5. PREPARATION OF INSTRUMENTS & INTERNAL SUPERVISION. The Customer agrees
to have in place systems, procedures and controls, effective to prevent and
detect thefts of instruments or losses due to forgeries or frauds involving
instruments, including without limiting the generality of the foregoing those:
(a) ensuring that all instruments are numbered sequentially;
(b) ensuring that all instruments are secured in the same manner as
large sums of cash;
(c) ensuring that all instruments, cheque imprinters and facsimile
signature devices are kept in a secured locked receptacle, vault, safe, etc. and
that designated individual(s) are responsible for them at all times;
(d) conducting periodic audits of instruments; and
(e) ensuring that the individual responsible for doing the bank
statement reconciliation shall not be the individual who is responsible for
security of instruments or their preparation.
The Customer will diligently supervise and monitor the conduct and work of
all employees and agents having any role in the preparation of instruments and
in bank statement reconciliation or other banking functions.

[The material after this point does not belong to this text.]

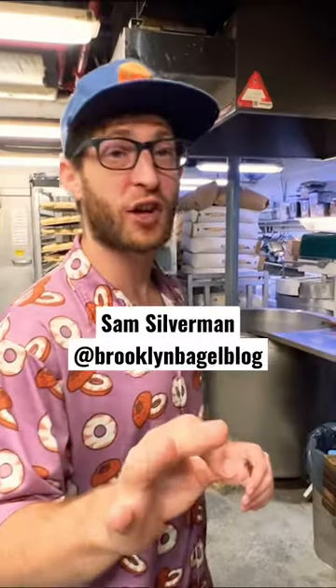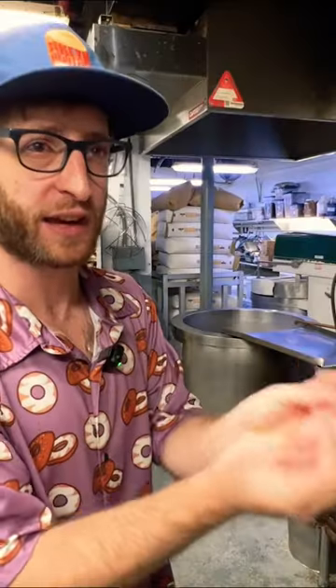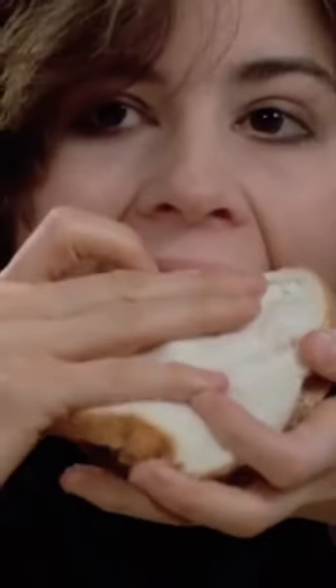What's your thoughts on toasting a bagel? Never toast a fresh bagel. The beautiful thing about a bagel is the contrast — the crunchy exterior and the soft interior. If you slice and toast a bagel, it's gonna make the whole thing crunchy and the same texture.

The Customer agrees that the Bank shall have no responsibility or liability
whatsoever for any loss due to a forged or unauthorized signature unless the
Customer proves each of the following: (i) that the forged or unauthorized
signature was made by a person who was at no time an employee or agent of the
Customer; (ii) that the loss was unavoidable despite the Customer having in
place the systems, procedures and controls to supervise and monitor employees
and agents; and (iii) that the loss was unavoidable despite the Customer having
taken all feasible steps to prevent the forgery or unauthorized signature and
the loss arising therefrom.
6. AUTHORITY TO MAIL SETTLEMENTS, ETC. The Customer requests and authorizes
the Bank to forward by ordinary mail, not insured, to the last address of the
Customer known by the Bank, statements, instruments, debit memos and vouchers
for the Customer's account and instruments that are dishonoured upon
presentation and returned unpaid. Instead of mailing, the Bank may act on the
Customer's authorization (if any) to deliver such items to any person(s)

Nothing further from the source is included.